I’m trying to export/save a PDF to text. It works fine for most PDFs, but sometimes there are PDFs that produce unreadable text. I’ve googled and found that it could be because the embedded font in the PDF doesn’t have a correct ROS (Registry-Ordering-Supplement). Does anyone here know how to handle this?
Thanks for the suggestion, but I’ve tried masterpdfeditor4 before and when I tried to change the font the text was unreadable due to the missing mapping (probably due to the lack of ROS). I’ve also tried Fontforge. Fontforge can import fonts from a pdf, same problem. The problem is also that each page in such a document has its own fonts (several), half of them missing ROS.
Yes. The character mapping is completely weird. It looks correct when rendered, but the characters are not mapped to something that is actually structured and readable in a decoded sense.

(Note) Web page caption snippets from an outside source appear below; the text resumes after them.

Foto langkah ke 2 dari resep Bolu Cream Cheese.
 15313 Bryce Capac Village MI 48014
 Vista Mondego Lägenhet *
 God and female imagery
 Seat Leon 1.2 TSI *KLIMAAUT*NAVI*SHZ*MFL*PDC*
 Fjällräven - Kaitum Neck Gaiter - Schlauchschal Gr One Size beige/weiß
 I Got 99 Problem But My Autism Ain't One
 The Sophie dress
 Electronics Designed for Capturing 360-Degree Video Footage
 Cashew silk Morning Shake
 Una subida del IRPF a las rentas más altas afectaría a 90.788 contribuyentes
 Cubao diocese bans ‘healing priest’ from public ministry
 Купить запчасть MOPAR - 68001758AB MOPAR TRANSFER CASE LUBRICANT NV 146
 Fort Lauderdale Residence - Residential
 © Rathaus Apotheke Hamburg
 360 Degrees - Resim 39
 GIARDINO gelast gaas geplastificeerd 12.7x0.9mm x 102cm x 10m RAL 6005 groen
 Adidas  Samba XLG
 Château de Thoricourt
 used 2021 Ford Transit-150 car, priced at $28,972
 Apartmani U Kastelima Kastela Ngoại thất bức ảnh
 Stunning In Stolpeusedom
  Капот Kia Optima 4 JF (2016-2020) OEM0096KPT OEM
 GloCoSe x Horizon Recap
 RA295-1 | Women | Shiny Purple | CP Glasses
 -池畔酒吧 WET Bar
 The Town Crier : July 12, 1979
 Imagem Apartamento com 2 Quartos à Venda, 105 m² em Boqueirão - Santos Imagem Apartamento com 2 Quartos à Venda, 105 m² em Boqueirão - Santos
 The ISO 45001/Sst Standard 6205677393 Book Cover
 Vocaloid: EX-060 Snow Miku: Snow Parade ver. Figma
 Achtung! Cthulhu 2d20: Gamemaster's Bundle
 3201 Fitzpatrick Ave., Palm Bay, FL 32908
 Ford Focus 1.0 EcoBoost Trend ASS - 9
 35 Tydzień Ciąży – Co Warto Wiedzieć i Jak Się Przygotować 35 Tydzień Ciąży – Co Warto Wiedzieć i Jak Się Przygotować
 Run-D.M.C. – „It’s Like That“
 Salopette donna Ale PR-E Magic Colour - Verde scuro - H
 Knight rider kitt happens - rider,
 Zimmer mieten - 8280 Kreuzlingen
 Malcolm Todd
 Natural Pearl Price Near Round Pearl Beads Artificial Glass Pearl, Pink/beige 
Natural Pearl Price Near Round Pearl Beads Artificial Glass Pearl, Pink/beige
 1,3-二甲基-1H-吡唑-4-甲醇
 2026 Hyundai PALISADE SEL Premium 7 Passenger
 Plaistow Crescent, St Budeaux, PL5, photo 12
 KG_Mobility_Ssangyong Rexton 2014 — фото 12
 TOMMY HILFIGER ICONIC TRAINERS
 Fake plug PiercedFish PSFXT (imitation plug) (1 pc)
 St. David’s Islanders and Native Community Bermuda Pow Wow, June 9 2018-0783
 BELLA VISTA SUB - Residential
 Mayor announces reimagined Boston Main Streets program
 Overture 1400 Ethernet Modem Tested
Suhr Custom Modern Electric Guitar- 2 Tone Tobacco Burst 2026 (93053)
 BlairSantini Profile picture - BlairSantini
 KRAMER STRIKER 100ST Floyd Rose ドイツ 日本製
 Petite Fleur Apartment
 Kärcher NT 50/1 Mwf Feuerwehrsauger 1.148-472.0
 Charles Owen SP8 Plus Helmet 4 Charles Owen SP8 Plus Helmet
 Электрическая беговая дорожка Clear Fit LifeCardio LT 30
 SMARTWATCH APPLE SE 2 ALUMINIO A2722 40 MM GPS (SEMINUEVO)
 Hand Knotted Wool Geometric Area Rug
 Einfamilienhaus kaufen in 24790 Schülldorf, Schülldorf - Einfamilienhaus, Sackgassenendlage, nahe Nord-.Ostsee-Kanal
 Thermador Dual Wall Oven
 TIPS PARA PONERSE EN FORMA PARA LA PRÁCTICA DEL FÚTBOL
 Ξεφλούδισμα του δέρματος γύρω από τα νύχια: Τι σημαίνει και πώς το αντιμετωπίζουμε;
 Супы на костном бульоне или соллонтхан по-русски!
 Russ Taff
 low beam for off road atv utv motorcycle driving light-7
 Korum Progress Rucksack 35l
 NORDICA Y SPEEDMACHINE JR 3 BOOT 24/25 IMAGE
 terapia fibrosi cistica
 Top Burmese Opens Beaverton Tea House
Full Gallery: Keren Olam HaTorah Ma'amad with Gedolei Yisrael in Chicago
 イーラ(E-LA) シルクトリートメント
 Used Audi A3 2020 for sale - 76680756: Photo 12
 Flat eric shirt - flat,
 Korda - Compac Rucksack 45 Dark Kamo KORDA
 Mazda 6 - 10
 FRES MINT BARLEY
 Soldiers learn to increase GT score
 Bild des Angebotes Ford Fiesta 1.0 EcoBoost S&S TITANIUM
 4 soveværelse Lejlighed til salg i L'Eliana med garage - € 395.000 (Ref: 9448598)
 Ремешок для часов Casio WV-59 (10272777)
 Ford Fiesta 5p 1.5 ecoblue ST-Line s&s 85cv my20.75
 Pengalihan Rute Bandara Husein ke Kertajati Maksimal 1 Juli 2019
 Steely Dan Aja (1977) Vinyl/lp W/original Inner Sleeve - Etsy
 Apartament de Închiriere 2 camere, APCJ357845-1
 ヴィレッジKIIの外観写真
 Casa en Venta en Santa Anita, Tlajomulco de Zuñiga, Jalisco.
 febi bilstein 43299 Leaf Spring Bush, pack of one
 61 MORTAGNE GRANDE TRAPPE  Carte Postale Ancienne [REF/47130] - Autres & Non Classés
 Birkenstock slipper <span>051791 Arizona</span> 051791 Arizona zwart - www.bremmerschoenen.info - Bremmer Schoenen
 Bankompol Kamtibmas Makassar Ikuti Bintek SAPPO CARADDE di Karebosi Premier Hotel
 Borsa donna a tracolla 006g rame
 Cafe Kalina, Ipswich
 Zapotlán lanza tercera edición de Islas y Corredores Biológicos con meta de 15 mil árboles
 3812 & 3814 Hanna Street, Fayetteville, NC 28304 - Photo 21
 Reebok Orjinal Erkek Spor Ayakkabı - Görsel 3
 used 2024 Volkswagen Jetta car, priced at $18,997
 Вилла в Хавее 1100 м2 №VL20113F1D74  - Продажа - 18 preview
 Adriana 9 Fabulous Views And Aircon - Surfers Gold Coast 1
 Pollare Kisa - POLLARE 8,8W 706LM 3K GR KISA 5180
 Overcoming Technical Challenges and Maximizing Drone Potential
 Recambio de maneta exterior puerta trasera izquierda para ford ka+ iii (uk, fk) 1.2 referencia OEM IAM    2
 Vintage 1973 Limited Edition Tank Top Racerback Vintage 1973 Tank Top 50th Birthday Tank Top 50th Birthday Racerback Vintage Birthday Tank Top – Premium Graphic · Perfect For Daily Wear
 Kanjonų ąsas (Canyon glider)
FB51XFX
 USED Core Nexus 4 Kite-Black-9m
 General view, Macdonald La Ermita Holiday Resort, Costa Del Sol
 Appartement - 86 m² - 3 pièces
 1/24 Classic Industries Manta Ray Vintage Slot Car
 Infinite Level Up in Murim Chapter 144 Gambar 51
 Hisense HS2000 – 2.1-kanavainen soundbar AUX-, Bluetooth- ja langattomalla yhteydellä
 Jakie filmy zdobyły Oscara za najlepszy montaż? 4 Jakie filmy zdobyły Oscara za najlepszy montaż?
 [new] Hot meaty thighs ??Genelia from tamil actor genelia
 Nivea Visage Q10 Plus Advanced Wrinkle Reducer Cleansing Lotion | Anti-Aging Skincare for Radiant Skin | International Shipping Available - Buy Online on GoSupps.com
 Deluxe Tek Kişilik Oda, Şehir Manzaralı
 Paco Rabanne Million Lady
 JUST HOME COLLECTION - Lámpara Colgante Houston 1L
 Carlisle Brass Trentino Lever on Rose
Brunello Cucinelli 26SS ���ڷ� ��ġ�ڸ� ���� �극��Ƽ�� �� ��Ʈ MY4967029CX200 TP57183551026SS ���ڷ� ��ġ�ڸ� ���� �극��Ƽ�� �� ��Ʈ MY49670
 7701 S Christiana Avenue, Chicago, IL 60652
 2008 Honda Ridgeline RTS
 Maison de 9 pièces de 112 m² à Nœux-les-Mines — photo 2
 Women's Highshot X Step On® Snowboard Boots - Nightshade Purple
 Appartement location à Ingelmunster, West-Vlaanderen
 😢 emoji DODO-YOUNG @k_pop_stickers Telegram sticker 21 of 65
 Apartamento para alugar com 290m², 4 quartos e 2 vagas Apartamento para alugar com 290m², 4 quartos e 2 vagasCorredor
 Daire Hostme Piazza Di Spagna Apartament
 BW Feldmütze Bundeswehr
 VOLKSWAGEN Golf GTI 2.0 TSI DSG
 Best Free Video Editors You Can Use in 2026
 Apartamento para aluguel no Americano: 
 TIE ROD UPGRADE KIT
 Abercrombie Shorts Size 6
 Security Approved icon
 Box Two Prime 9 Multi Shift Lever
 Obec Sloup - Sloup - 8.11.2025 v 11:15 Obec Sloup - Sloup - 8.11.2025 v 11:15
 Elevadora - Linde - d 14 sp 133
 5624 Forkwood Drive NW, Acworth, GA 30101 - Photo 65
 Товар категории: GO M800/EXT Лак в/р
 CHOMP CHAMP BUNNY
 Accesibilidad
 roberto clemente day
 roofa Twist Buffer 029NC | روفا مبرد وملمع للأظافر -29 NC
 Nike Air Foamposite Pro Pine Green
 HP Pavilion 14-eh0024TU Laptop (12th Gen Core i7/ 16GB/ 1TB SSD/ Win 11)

Like this. First Okular and an example in Swedish, meaning “conversations of interest” and below what the clipboard decodes the characters as. It’s the same in masterpdfeditor4, or any application for that matter.
Yes, I agree. I’ll have to find some discussion group about PDFs and fonts. I’m just adding more PDF information so that those who find this discussion can get something out of it. Some text has been redacted due to sensitive information.
that looks like whoever created that document used a different keyboard layout that what your system is expecting, maybe not even an HID compliant keyboard.